I am perfectly happy to accept your assertion that context suggests this is basically a politically motivated piece trying to dismiss claims that it originated in a lab.

I wrote a piece elsewhere that boils down to "Christmas travel brought us the global pandemic." Regardless of where the issue originated, it spread globally and didn't remain a local crisis thanks to global travel and how that gets handled.

I don't have answers but I don't like the way the whole thing was handled and it's nigh impossible to have meaningful discussion of that with anyone anywhere on the Internet.

And given the lack of quality discussion, it's impossible to develop a good framework for how to even see the problem space.

My marriage was a case of opposites attract and we were once shopping for a bookcase and I hated the bookcase he wanted and he hated the bookcase I wanted. So I finally had the sense to ask why he liked it.

I wanted something pretty. He wanted something sturdy that wouldn't collapse under the weight of the books.

Armed with this information, it was possible to find a bookcase we both liked.

Decades later, most internet discussion seems to still be stuck in that space before I asked that question where we both thought the other person was clearly an idiot. Only I don't know how to get past it online.


"...we were once shopping for a bookcase and I hated the bookcase he wanted and he hated the bookcase I wanted. So I finally had the sense to ask why he liked it"

"Decades later, most internet discussion seems to still be stuck in that space before I asked that question where we both thought the other person was clearly an idiot. Only I don't know how to get past it online."

Thank you


>This forms the basis for arguments that additional regulation of high-risk biological research is unnecessary >such research just killed ~30M people. It was a lab leak.. I should know. The Chinese government has admitted it in secret and let's say they have made agreements to make affected nations whole, behind closed doors and with diplomacy. This in turn has trickled into media and social media indirectly and directly from China inducements, making sure that the lab leak theory is both underplayed and framed in a "we can't know for sure" light. Textbook water muddying where all sides have something to gain. If it's any consolation the party responsible for screwing up and killing more people than Hitler, Genghis Khan, and Stalin combined.... they have been dealt with appropriately by China


How is Substack blog authority here?


Substack is an openly-available hosting platform with almost zero editorial standards, so I'm not sure why anyone would consider it to have "authority"? It's like asking which brand of ballpoint pen writes the most trustworthy content.

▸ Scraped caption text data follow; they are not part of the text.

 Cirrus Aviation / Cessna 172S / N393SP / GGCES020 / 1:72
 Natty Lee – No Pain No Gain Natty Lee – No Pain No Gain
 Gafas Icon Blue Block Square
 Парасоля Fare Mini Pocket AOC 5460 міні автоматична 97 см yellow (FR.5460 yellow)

I linked to that article because I read its content, and I believe that content to be correct. If you're looking to go by prestige instead of content, then the authors and signers are professors of molecular biology and adjacent fields, many from highly-ranked universities.

The Cell authors think SARS-CoV-2 arose naturally, beyond any reasonable doubt. The Biosafety Now authors think there's a possibility that SARS-CoV-2 arose from a research accident, and that tighter regulation of enhanced potential pandemic pathogens is therefore required. These are directly opposing views, on a question that may correspond to millions of past deaths, and yet more in future. What do you think?